Les gitans arrivent sur ces entrefaites et, surprise ! Ce passage est presque le plus excitant de la représentation. Les danses traditionnelles ont du caractère, le corps de ballet du panache, la scène fait enfin monter l’adrénaline. Kristen McNally s’impose comme une gitane sexy et charismatique qui improvise un flamenco très convaincant au coin du feu, accompagnée par un solo de guitare et acclamée par les mâles dominants dans un espagnol caricatural – ce dont on se passerait bien.
Puis c’est la traditionnelle scène de la vision qui prend place dans un jardin psychédélique aux gigantesques fleurs mauves. Un rêve, d’accord, mais là, c’est sous substances illicites façon Alice aux pays des merveilles de Walt Disney. L’on se demanderait presque si la troupe ne s’est pas trompée de décor. Difficile de faire abstraction, d’autant plus que les tutus poudrés comme des guimauves ne rééquilibrent pas la balance côté sobriété. Une fois remise du choc initial, je tombe sous le charme de notre Cupidon du jour : une Meaghan Grace Hinkis un peu nerveuse mais adorable, pétillante et aussi aérienne que la fée Clochette. Yuhui Choe interprète une reine des Dryades très douce, à la technique infaillible. Quant à l’Étoile, elle incarne une Dulcinée loin d’une vision éthérée, qui se réduit à une Kitri en tutu blanc, toujours assortie de sa malice habituelle.
Pour le troisième acte, retour à une Espagne en carton-pâte un peu moins kitsch, d’abord dans une taverne où Espada s’essaie à un numéro de toréador arrogant supposé mettre les femmes en transe. Efficacité : faible.
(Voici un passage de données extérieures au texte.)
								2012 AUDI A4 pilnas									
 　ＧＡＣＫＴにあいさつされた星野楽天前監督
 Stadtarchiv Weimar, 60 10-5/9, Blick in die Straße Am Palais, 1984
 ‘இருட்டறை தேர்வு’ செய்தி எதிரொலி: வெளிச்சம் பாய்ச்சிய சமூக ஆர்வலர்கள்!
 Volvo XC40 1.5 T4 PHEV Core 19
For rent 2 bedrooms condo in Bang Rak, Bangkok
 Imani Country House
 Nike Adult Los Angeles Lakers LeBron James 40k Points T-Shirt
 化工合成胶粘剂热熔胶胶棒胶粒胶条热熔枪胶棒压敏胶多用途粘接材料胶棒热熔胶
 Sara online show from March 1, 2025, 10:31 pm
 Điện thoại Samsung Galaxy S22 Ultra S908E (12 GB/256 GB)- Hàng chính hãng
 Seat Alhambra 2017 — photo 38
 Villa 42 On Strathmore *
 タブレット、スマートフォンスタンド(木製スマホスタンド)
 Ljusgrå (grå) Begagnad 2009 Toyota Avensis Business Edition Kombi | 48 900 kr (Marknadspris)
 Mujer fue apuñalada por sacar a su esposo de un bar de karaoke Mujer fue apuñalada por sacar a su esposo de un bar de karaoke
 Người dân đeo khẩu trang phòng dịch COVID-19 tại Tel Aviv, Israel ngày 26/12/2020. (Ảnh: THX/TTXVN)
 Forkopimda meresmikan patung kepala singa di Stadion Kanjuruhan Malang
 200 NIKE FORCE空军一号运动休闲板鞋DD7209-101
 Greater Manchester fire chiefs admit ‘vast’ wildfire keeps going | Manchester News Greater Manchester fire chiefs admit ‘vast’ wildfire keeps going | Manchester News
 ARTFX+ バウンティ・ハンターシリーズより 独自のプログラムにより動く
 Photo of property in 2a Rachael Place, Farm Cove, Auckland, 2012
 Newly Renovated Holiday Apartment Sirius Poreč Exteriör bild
Valeur narrative : inexistante. Impossible par ailleurs de ne pas remarquer la sous-exploitation du corps de ballet. Sans prévenir, le public se retrouve propulsé au beau milieu de la cérémonie du mariage. Tout s’enchaîne à la vitesse de l’éclair, renforçant le côté artificiel de cette production. Le pas de deux final repose une fois de plus sur la maîtrise technique de Marianela Núñez qui relève le challenge avec brio.
Alors, que retenir de cette soirée dont on ressort un peu sonné par l’étalage de technique ? Niveau castagnettes, exclamations sonores, portés dangereux, on aura été servis. Question émotion, on repassera. En somme, un Don Quichotte un peu creux, souvent too much et parfaitement oubliable faute de fil conducteur. Vraiment dommage.
Don Quichotte de Carlos Acosta, par le Royal Ballet de Londres, au Royal Opera House. Avec Marianela Núñez (Kitri), Carlos Acosta (Basilio), Ryoichi Hirano (Espada), Claire Calvert (La danseuse de rue) et Yuhui Choe (La reine des Dryades). Mardi 25 novembre 2014.